I’ve always been extremely self-conscious about my chest, or lack thereof. I can still hear the taunting from boys in junior high school.
“Sarah’s a carpenter’s dream…she’s flat as a board and she’s never been screwed.”
I hated those little prick bastards. I cried myself to sleep many a nights in those days.
I never got over it. And my chest never got any bigger. I still have the chest size of a pre-teen. I hate it. Nothing ever fits right.
It’s so hard to shop when you have a regular sized body with the chest size of a 10-year-old. Yesterday I finally took in a pile of sundresses that need to be tailored into my favorite tailor Mr. Charlie.
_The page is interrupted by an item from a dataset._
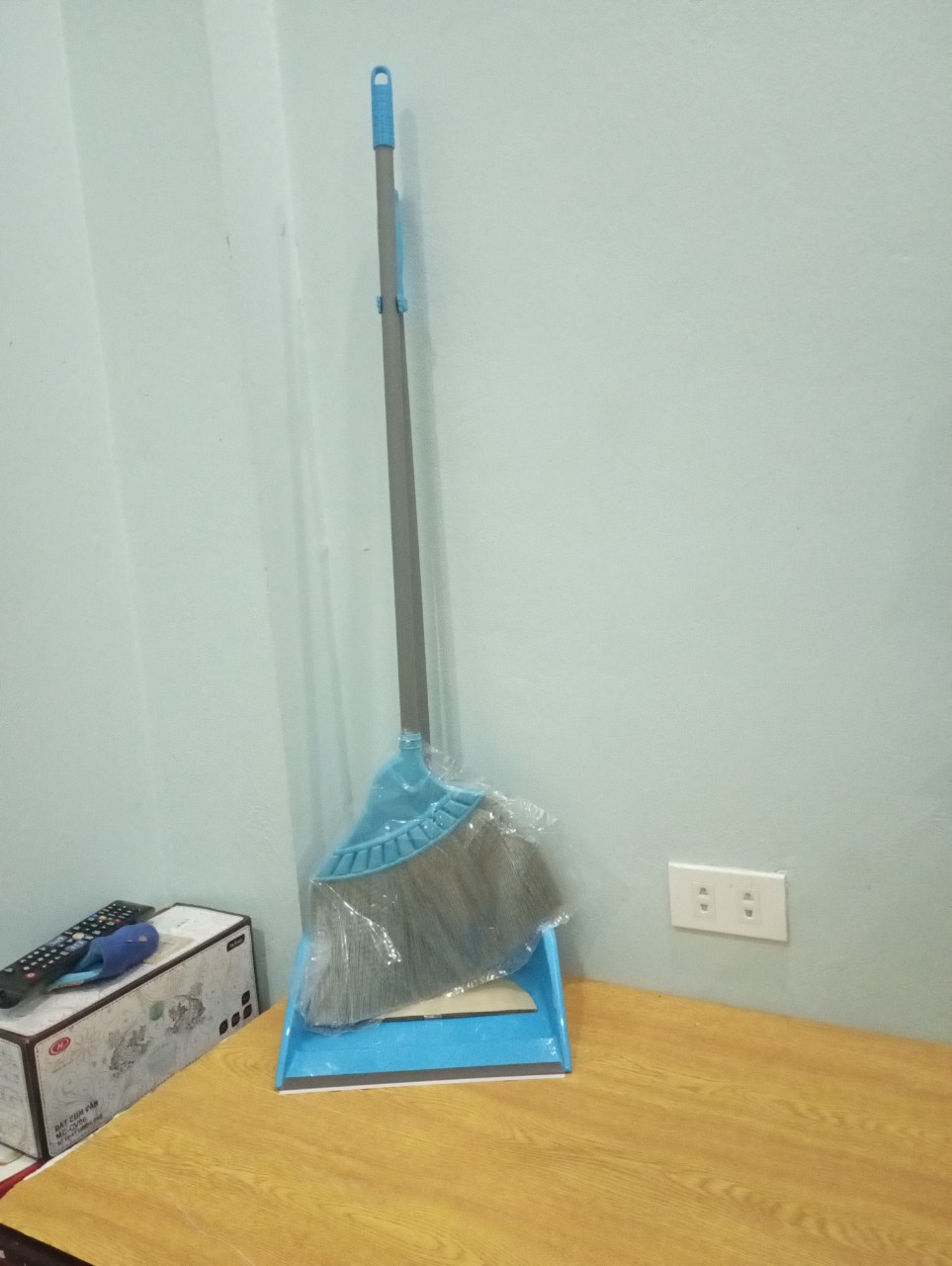 Bộ chổi quét nhà kèm hót rác, chổi cước nhựa , chổi nhựa quét sàn ướt , sàn khô -  Thái Lan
He’s the most adorable elderly Chinese man.
As I tried the dresses on for him I could see the frustration on his face. “Why you have such little teeny boobies?”
I muttered, “Because God hates me, that’s why.”
“Tsk, tsk.” He shook his head at me. “Nothing fits you right.”
I handled the situation like the adult I am, and not the child my chest size might suggest. I held my tongue and didn’t run off in tears. Instead I looked at him and said, “We’ve all got body issues, but at least I have pretty hair.”
“Oh, yes. Such pretty hair, “ he replied.
We finished up and I left the shop with my head held high, because it draws attention to my kick ass hair and not my teeny boobies.